Lab 4: Yelp review regression

Introduction

This lab predicts star ratings for Yelp reviews. Although this could be architected as a regression problem, we make it easier by structuring it as a classification problem: treat reviews with 4 or 5 stars as positive, and 1 or 2 stars as negative.

Data

The data is available with 5-star reviews from fastai at URLs.YELP_REVIEWS. Alternatively, a slightly modified version of the data is available (with positive-negative labels already created from the star ratings) from fastai at URLs.YELP_REVIEWS_POLARITY.

The training and validation datasets are huge. I suggest you use at most 10% of the data for training/validation because otherwise training will take forever.

The three ways to solve this problem

Try all of the following ways of solving this problem:

For parts 2 and 3, you'll need a dictionary of unique words (which can be obtained from the dataloader). From then on, you can use the index into this dictionary rather than the string itself.

  1. Use the pretrained language model from fastai. Although you'll want to fine tune the classifer, there's no need to fine tune the language model itself.
  2. Bag of words: create a vector that represents the set of words that are present in the review. Use that to predict the sentiment (positive or negative).

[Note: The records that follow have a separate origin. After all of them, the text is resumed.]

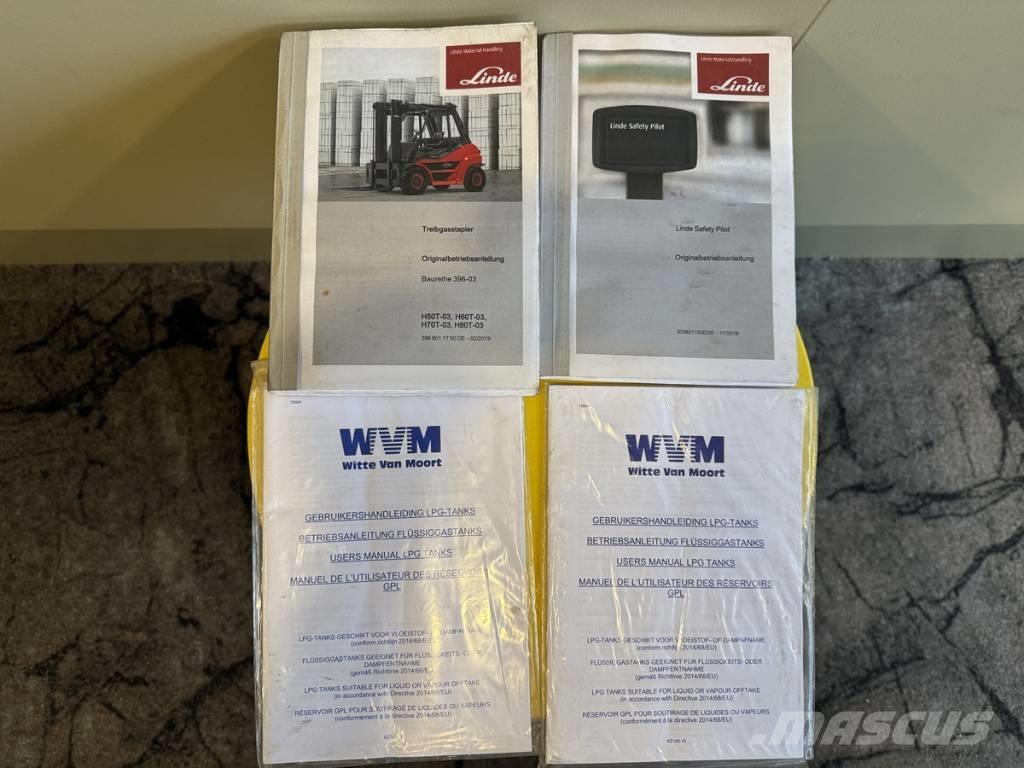 Linde H60T - 03 Gasolmotviktstruckar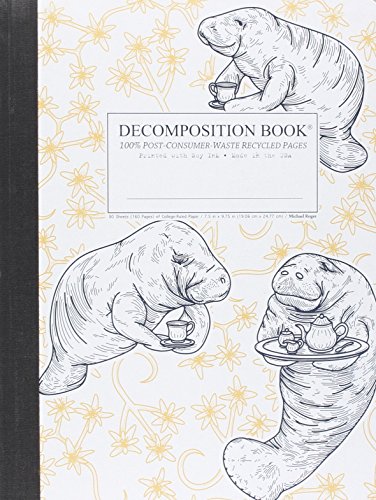 Manatea Decomposition Book MW-18520
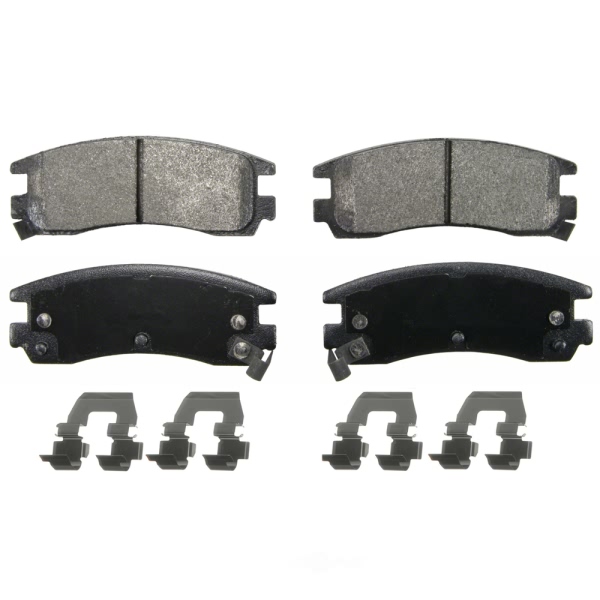 Wagner Severeduty Semi Metallic Rear Disc Brake Pads SX714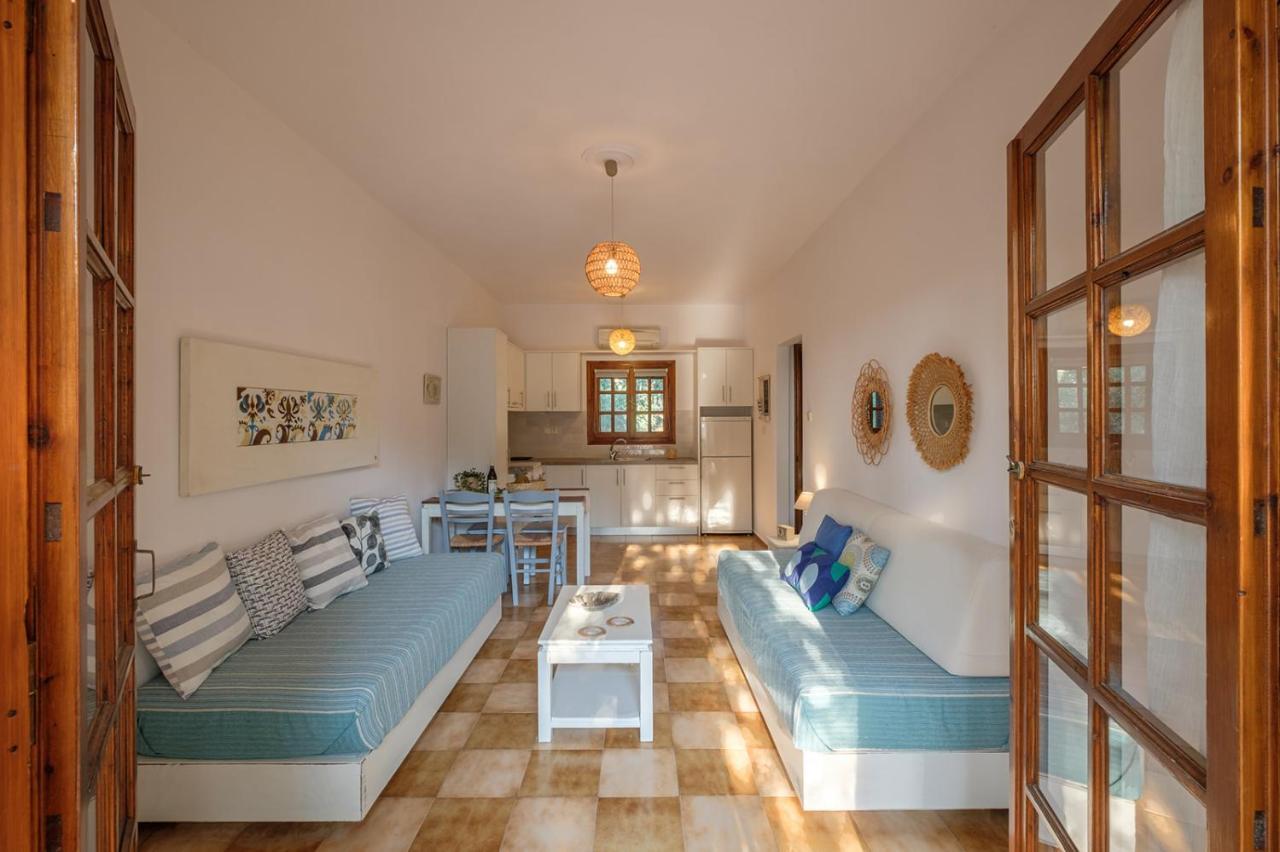Panagea Holiday Apartments Kitriaí Buitenkant foto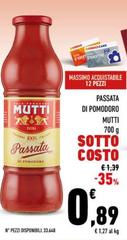 Mutti - Passata Di Pomodoro Mutti - Passata Di Pomodoro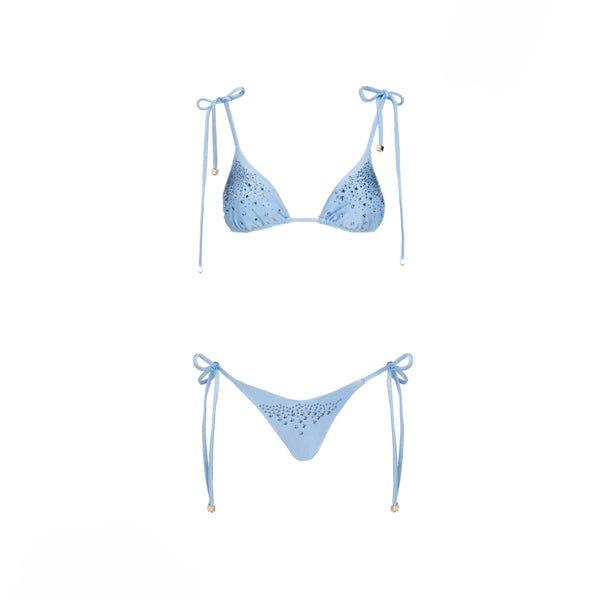 ISABEL BEACHWEAR DIAMOND BIKINI ZAPPHIRE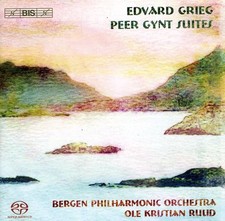 Ole Kristian Ruud - Peer Gynt Suites New SACD Hybrid SACD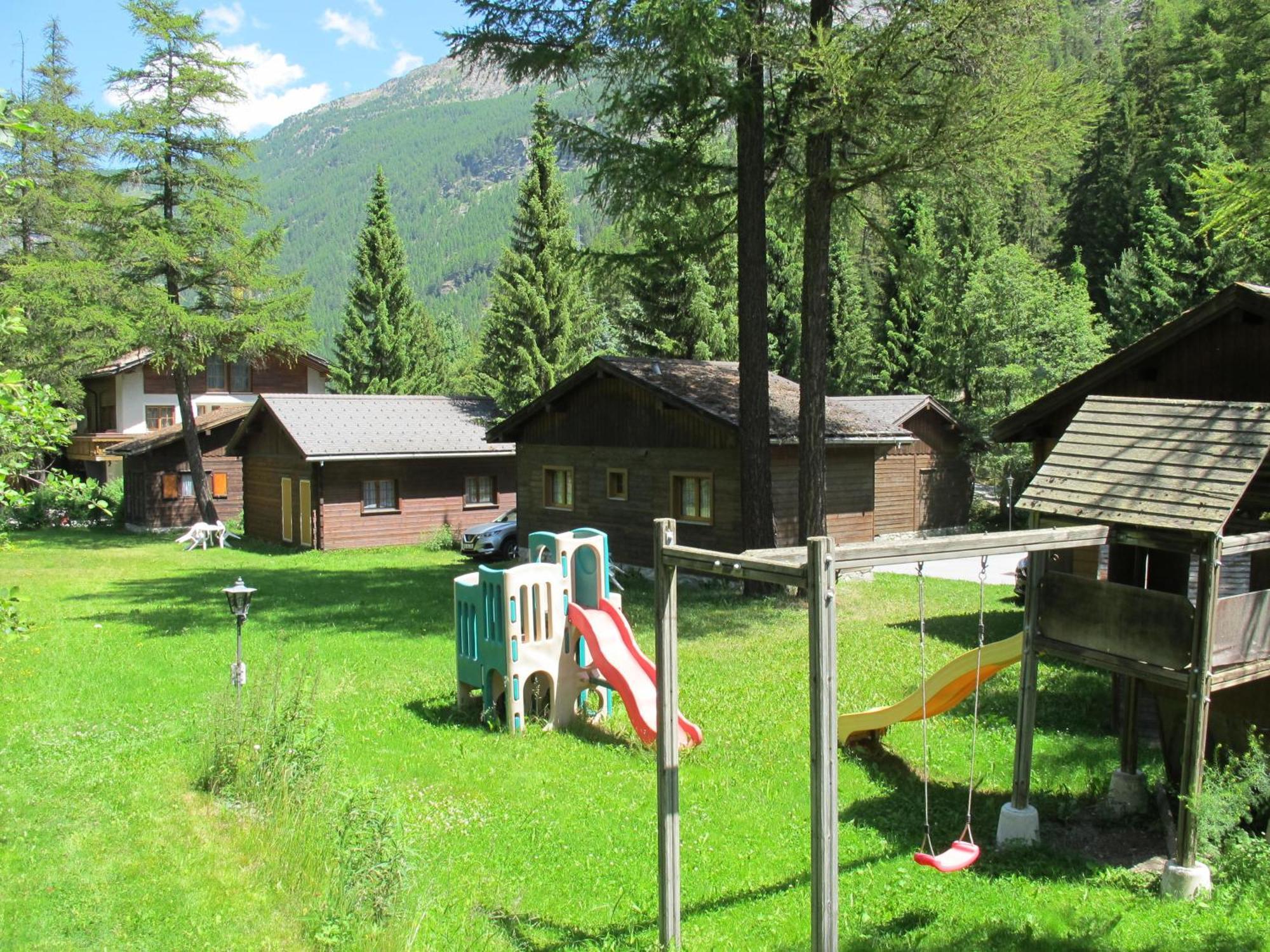 Residenz Edelweiss Saas320 Villa Kültér fotó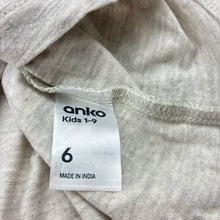 Load image into Gallery viewer, Boys Anko, grey marle long sleeve top, monster truck, EUC, size 6,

    A good way to approach this is to use a standard linear neural network with 1 or 2 hidden layers. How many outputs from the last layer?

    You'll need a new layer at the beginning of the neural network that converts from the format the dataloader provides, a tensor of word numbers, one for each word in the review:

         [3, 5, 1, 9, 57, ..., 12]
         
    to a tensor of length equal to the number of words in the dictionary (dls.train.vocab[0]), with a 1 at each location that a word is present:
         [0, 0, 0, 1, 0, 1, 0, 0, 0, 1, 0, 0, 1, ...]
         
    (note that in this example entries at index 3, 5, 1, 9, ..., and 12 are set to 1; all others are 0).
  3. Embedding: create an embedding matrix (of size 10, perhaps?) that is applied to each word. Limit the review to some reasonable size (100 words, perhaps, chosen from beginning and end of the review). Use those words, run through the embedding and then to the remainder of a neural network.

    Make sure you are using the same embedding matrix for each word.

Compare and contrast the results of all three approaches.

Suggestions

Challenge 1 Use a pretrained embedding like Glove or Word2vec for step 3.

Challenge 2 Use embeddings in conjunction with an LSTM for step 3

Challenge 3 Fine-tune the underlying language model for step 1 before fine-tuning the classifer based on it.

Challenge 4 Train a regression model rather than a classification model for the three steps.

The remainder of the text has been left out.